Why? Well, he is playing intellectual defense for evolution, for one thing. At first glance, a finding of a developed moral sense among human infants does not appear to be explainable by evolutionary theory alone. Indeed, Bloom admits that, if babies were found to be altruistic toward people outside their own group, evolution would not be a sufficient explanation. He writes:

The morality of contemporary humans really does outstrip what evolution could possibly have endowed us with; moral actions are often of a sort that have no plausible relation to our reproductive success and don't appear to be accidental byproducts of evolved adaptations. . . . We possess abstract moral notions of equality and freedom for all; we see racism and sexism as evil; we reject slavery and genocide; we try to love our enemies. Of course, our actions typically fall short, often far short, of our moral principles, but these principles do shape, in a substantial way, the world that we live in. It makes sense then to marvel at the extent of our moral insight and to reject the notion that it can be explained in the language of natural selection. If this higher morality or higher altruism were found in babies, the case for divine creation would get just a bit stronger.

But, he insists, higher altruism "is not present in babies." According to Bloom's theorizing, cultural learning must provide that higher level of moral knowledge and reasoning.

Bloom's article in The New York Times Magazine is truly interesting. At the same time, there are two huge questions of methodology that cannot be avoided. The first is the legitimacy of using "looking time" as an adequate measure of infant thinking. This is a massive assumption. The second methodological problem is the definition of morality. As Nadja Reissland, a behavioral psychologist at Durham University, told The Sunday Times [London], "Everything hinges on who decides what is moral. By saying pushing the ball up the hill is helpful, the researchers are making a moral judgment. The babies might just prefer to see things go up rather than down."

Most interestingly, Bloom and his research team are highly committed to evolutionary explanations.
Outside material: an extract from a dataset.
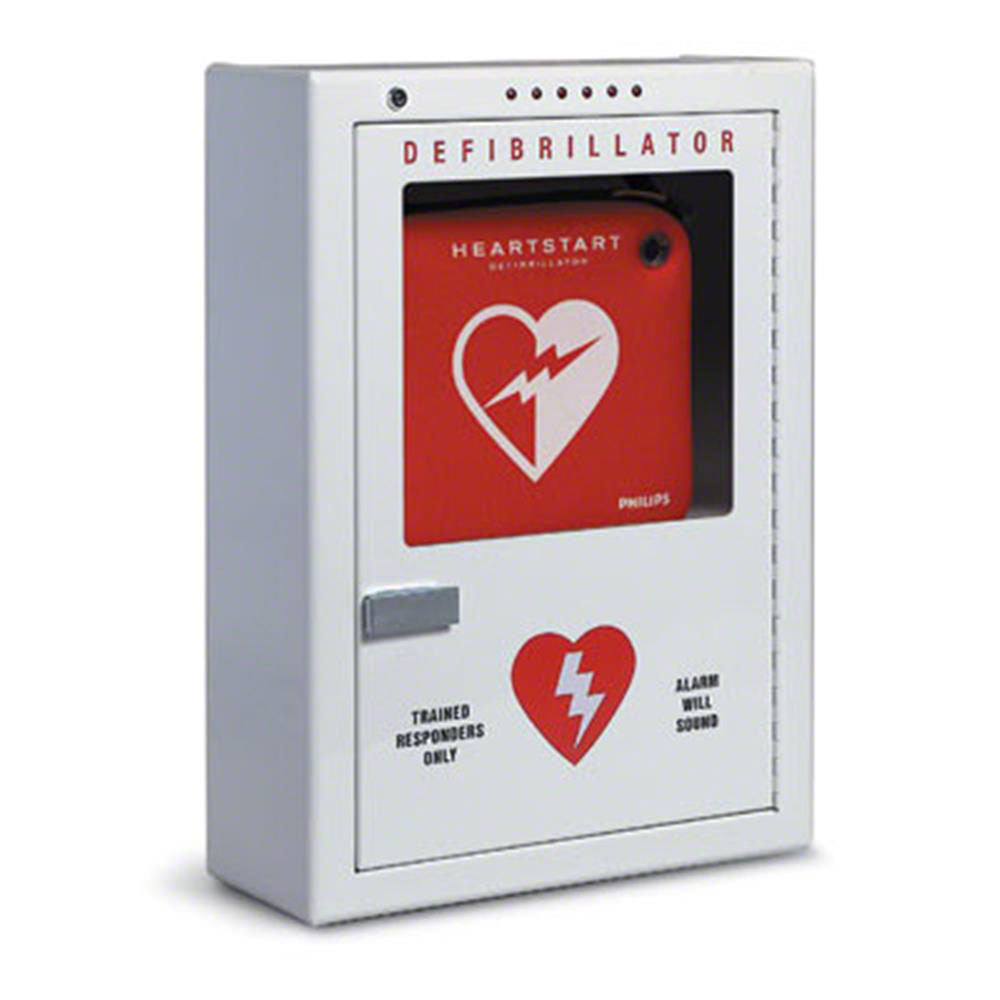 Defibrillator Cabinet, Premium, Wall Surface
They recognize that the discovery of a moral sense within infants is dangerous to evolutionary theory. In the end, they leave themselves open to the charge that they have simply and arbitrarily defined the moral sense of infants in a manner that preserves evolutionary theory and minimizes negative impact. But, give them credit for seeing and acknowledging the problem.

In the end, Christians should look to this research with a very different set of questions. The most important of these questions is this: Does the fact that infants have an innate moral sense underline the importance of the fact that human beings are made in God's own image? It would certainly seem so. Indeed, Christians should expect to find something very much like this, based on the teachings of Scripture. It is God who made us to be moral creatures, and it is the Creator who gives his human creatures the power and accountability of moral knowledge.

Consider this testimony:

But when the chief priests and the scribes saw the wonderful things that he did, and the children crying out in the temple, "Hosanna to the Son of David!" they were indignant, and they said to him, "Do you hear what these are saying?" And Jesus said to them, "Yes; have you never read, "'Out of the mouth of infants and nursing babies you have prepared praise'?" [Matthew 21:15-16, ESV]

Out of the mouths of infants . . . and perhaps out of their "looking time" as well.